Aim of the task:
Print every record below exactly, minus the pictures.

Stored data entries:
Content starts

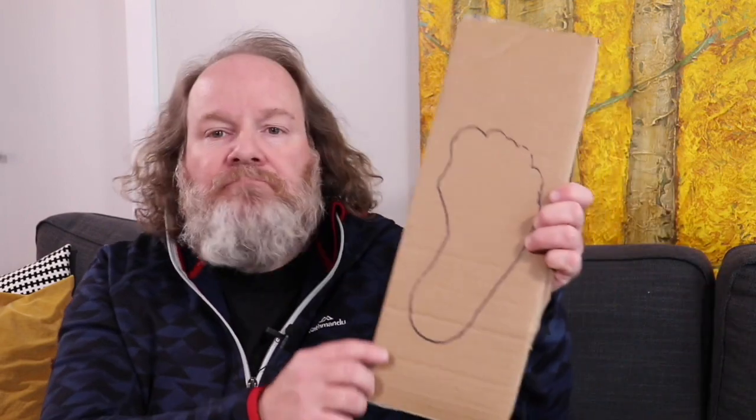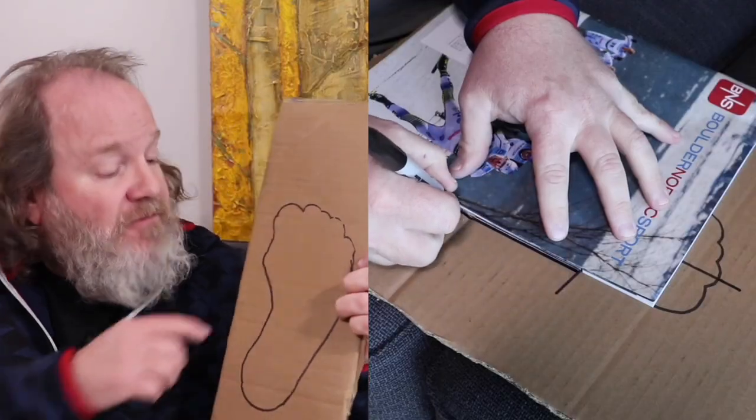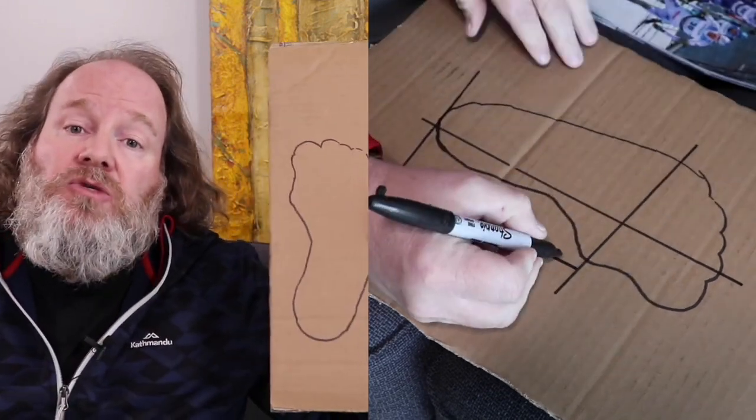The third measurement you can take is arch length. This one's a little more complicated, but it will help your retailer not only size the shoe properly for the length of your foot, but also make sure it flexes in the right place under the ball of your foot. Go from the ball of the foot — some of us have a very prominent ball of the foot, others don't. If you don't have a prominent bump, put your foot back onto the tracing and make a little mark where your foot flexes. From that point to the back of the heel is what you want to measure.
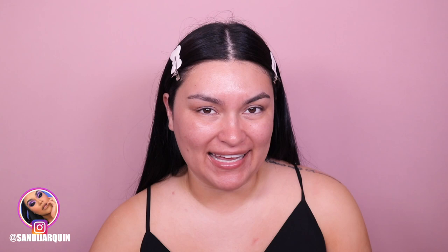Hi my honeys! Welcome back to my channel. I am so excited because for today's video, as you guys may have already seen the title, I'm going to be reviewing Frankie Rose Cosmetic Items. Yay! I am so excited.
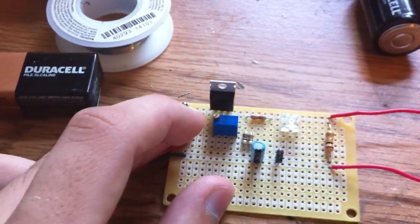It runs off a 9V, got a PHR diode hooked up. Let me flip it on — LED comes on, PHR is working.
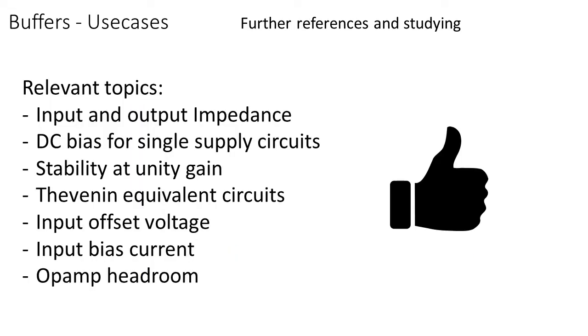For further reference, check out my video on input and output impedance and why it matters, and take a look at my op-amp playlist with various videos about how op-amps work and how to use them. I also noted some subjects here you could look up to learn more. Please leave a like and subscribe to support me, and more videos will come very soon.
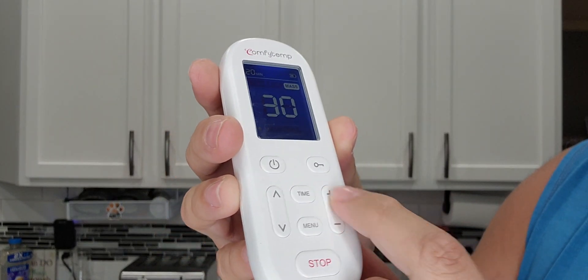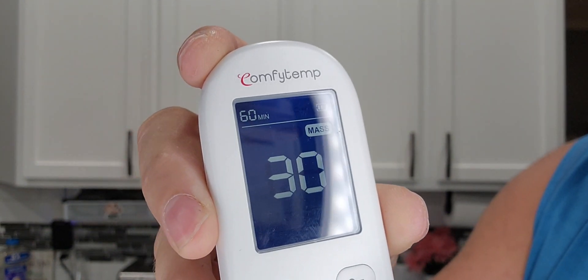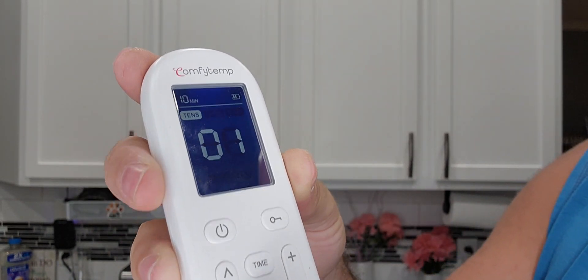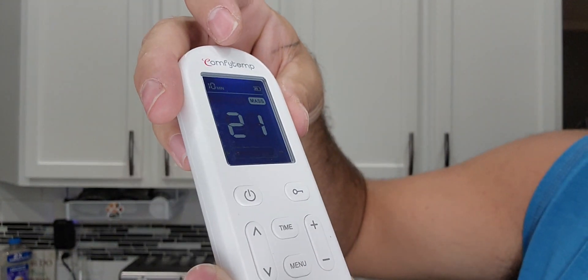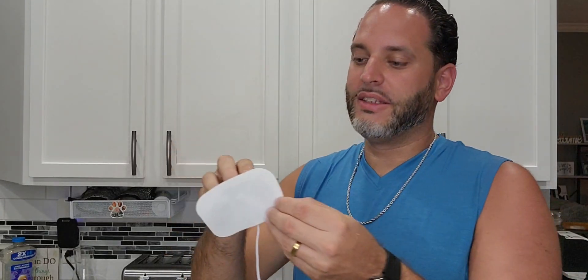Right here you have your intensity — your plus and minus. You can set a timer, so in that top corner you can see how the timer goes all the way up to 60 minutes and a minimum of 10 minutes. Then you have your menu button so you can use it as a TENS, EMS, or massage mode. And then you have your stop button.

Content ends

Response to this exercise:
The third measurement you can take is arch length. This one's a little more complicated, but it will help your retailer not only size the shoe properly for the length of your foot, but also make sure it flexes in the right place under the ball of your foot. Go from the ball of the foot — some of us have a very prominent ball of the foot, others don't. If you don't have a prominent bump, put your foot back onto the tracing and make a little mark where your foot flexes. From that point to the back of the heel is what you want to measure.
Hi my honeys! Welcome back to my channel. I am so excited because for today's video, as you guys may have already seen the title, I'm going to be reviewing Frankie Rose Cosmetic Items. Yay! I am so excited.
It runs off a 9V, got a PHR diode hooked up. Let me flip it on — LED comes on, PHR is working.
For further reference, check out my video on input and output impedance and why it matters, and take a look at my op-amp playlist with various videos about how op-amps work and how to use them. I also noted some subjects here you could look up to learn more. Please leave a like and subscribe to support me, and more videos will come very soon.
Right here you have your intensity — your plus and minus. You can set a timer, so in that top corner you can see how the timer goes all the way up to 60 minutes and a minimum of 10 minutes. Then you have your menu button so you can use it as a TENS, EMS, or massage mode. And then you have your stop button.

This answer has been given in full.